Sexton's second redetermination hearing occurred after the Acquiescence Ruling was issued, and her hearing complied with its requirements. Sexton had the opportunity to object to the agency's assertions of fraud, and to present evidence rebutting those allegations. In support of her claim, she presented her own evidence
that included testimony from her mother and a vocational expert. Also, a witness from the OIG testified at her hearing to explain why he believed Sexton's application contained fraudulent information, and the witness was cross-examined by Sexton's attorney. After considering Sexton's supporting evidence and objections, the ALJ ultimately excluded the evidence submitted from Dr. Huffnagle as fraudulent and denied her claim based on the remaining evidence in the record. Because she had the chance to rebut the OIG's assertion of fraud and to present evidence supporting her claim, Sexton has not demonstrated that the procedures employed at her hearing violated her due process rights.Id. at *4.
Halbert's 2023 redetermination hearing, see DE 16-1 at 34-69, provided all of these same safeguards.
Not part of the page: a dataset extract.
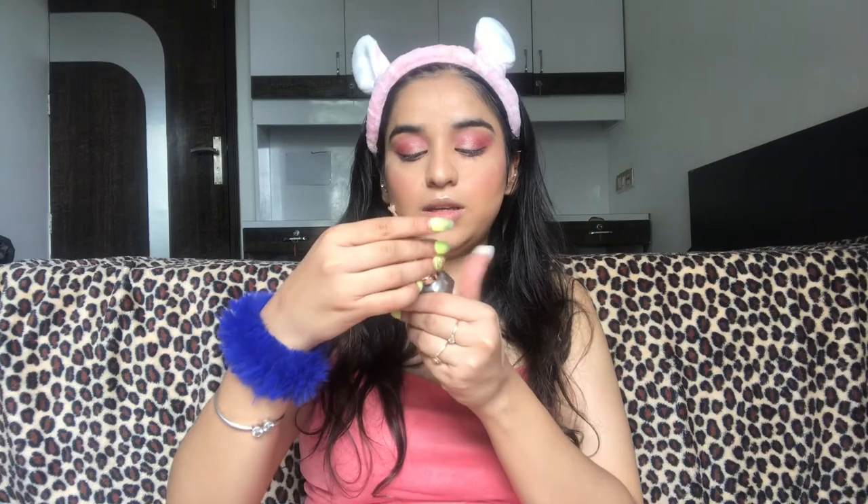I'm going to apply some white kajal onto my waterline. There's quite a lot of pigmentation. I'm going to highlight my inner corner using an eyeliner. To highlight my brow bone I'm going to use the same highlighter, taking an angle brush for precision.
The purpose of the hearing was “to determine whether there is reason to believe fraud or similar fault was involved.” Id. at 36. Halbert was permitted to testify and provide her own evidence in the form of a vocational expert's testimony. See id. at 37. An OIG expert was present, testified in support of the fraud suspicion, and was cross-examined by Halbert's attorney. See Id. at 41-54. And the ALJ ultimately excluded evidence submitted from Dr. Huffnagle as fraudulent only after considering Halbert's supporting evidence and objections. See id. at 17-19 (2023 Redetermination Decision). In short, the hearing employed all of the procedural guardrails required under the Fifth Amendment, as elucidated by Hicks and Sexton.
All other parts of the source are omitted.